The practical advantages over loose shavings or straw are significant. Pellets arrive in compact 40-pound bags that are easy to store and transport. They produce less dust, which matters for horses prone to respiratory issues. They also tend to suppress ammonia odor more effectively because the wood fibers lock in urine rather than letting it pool on the stall floor. When spent, pellet bedding composts faster than straw because it’s already broken into fine particles.
Cat Litter
Pine pellets sold specifically as cat litter are essentially the same product as animal bedding pellets, often at a higher price per pound. The pellets absorb urine and crumble into sawdust, which sifts to the bottom of a specialized litter box with a grate. Many cat owners prefer them over clay litter because they’re lighter to carry, produce less tracking, and are biodegradable. The natural pine scent also helps with odor control without added fragrances or chemicals.
Grilling and Smoking
Pellet grills use food-grade hardwood pellets made from species like hickory, mesquite, cherry, apple, and oak. These grills feed pellets from a hopper into a fire pot using a digitally controlled auger, maintaining precise temperatures for low-and-slow smoking or high-heat grilling. The flavor profile depends on the wood species, and many grill owners keep several varieties on hand to match different meats. It’s important to use only food-grade pellets for cooking. Standard heating pellets may contain bark, softwood, or binding agents that aren’t safe to use around food.
Garden and Landscaping Uses
Gardeners use wood pellets as mulch and soil amendment. Spread around plants and watered in, the pellets expand into a layer of sawdust mulch that suppresses weeds and retains soil moisture. As the wood breaks down, it adds organic matter to the soil. Some people also scatter pellets on icy driveways and walkways as a traction aid. They’re less effective than salt at melting ice, but they won’t damage concrete, harm plants along the edges of paths, or irritate pet paws.
Storage Safety
Wood pellets release carbon monoxide (CO) as a byproduct of the slow chemical breakdown of wood compounds after manufacturing. This is not a concern with a few bags in your garage, but it becomes serious at scale. Research published in the Annals of Work Exposures and Health found that CO concentrations in a pellet mill warehouse reached 8-hour averages up to 100 ppm, double the occupational safety limit of 50 ppm set by OSHA. Even in residential basements, measurements have reached 35 ppm over 8 hours, and 6 out of 16 homes tested in one study exceeded the 9 ppm guideline for indoor air on multiple occasions.

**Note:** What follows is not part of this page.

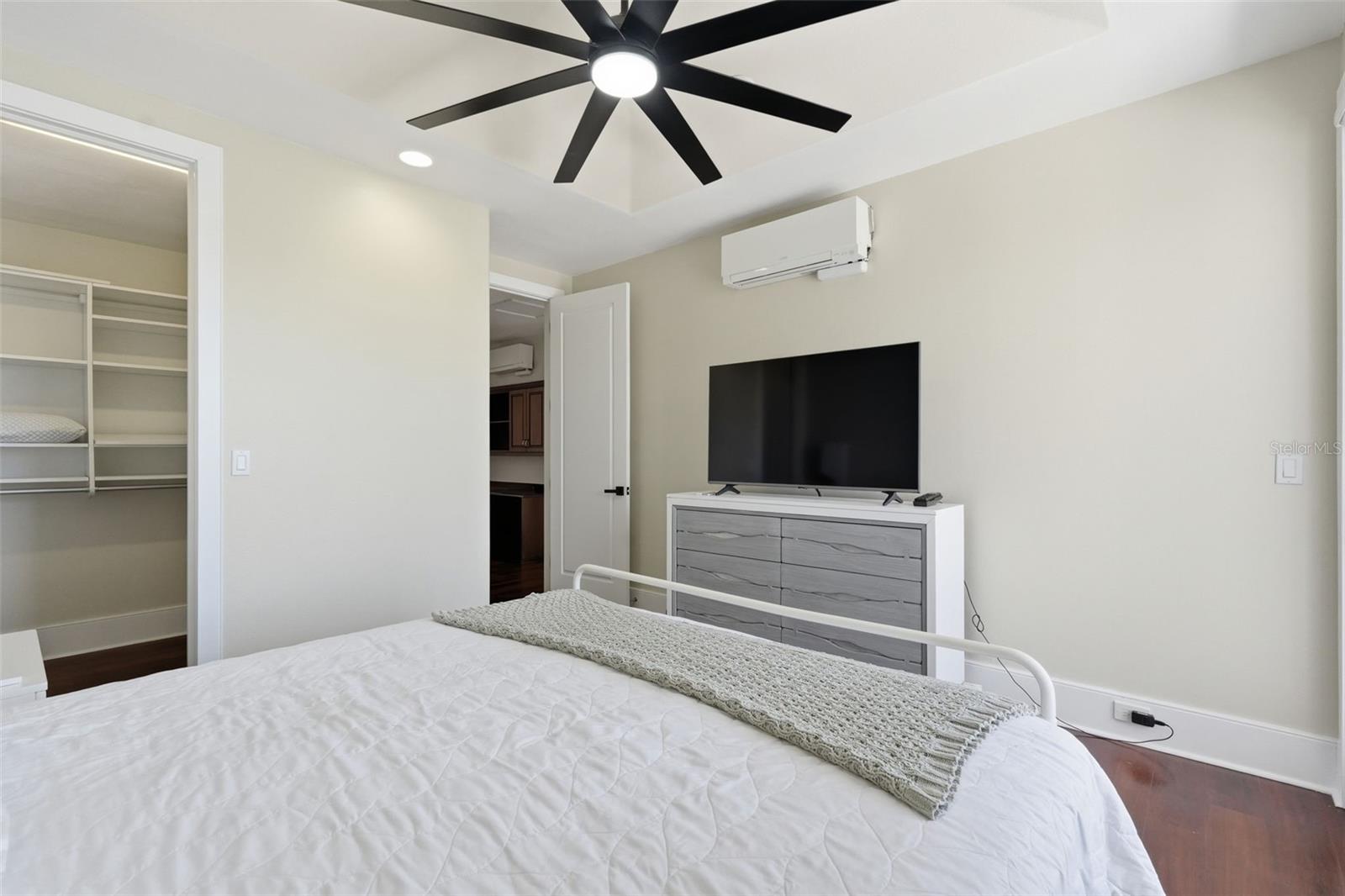 Image 52 of 84 For 42 Midway Island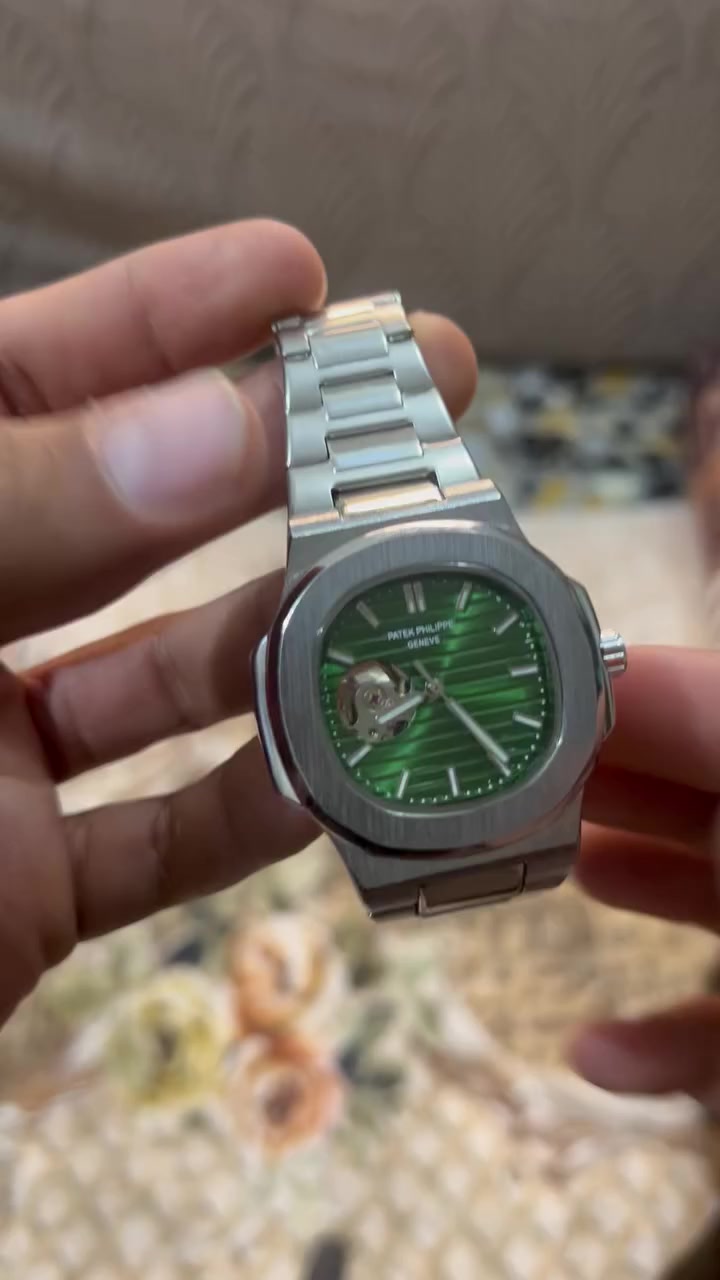 ساعة باتيك فيليب 
مينه لون اخضر، مكينه كشف
وزن ثكَيل وبعد احلى من التصوير بهواي


**إذا كنت صاحب هذا الإعلان وتريد حذفه لأي سبب، رجاءا أرسل رسالة إلى الدعم الفني**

Since 2002, fourteen fatal accidents have been linked to bulk pellet storage and transport.
Higher temperatures and humidity increase CO emissions. If you store pellets indoors, keep them in a well-ventilated area. A CO detector near your storage space is a simple precaution. Bags with perforations, which are common, allow gas to escape into the surrounding room rather than building up inside the packaging.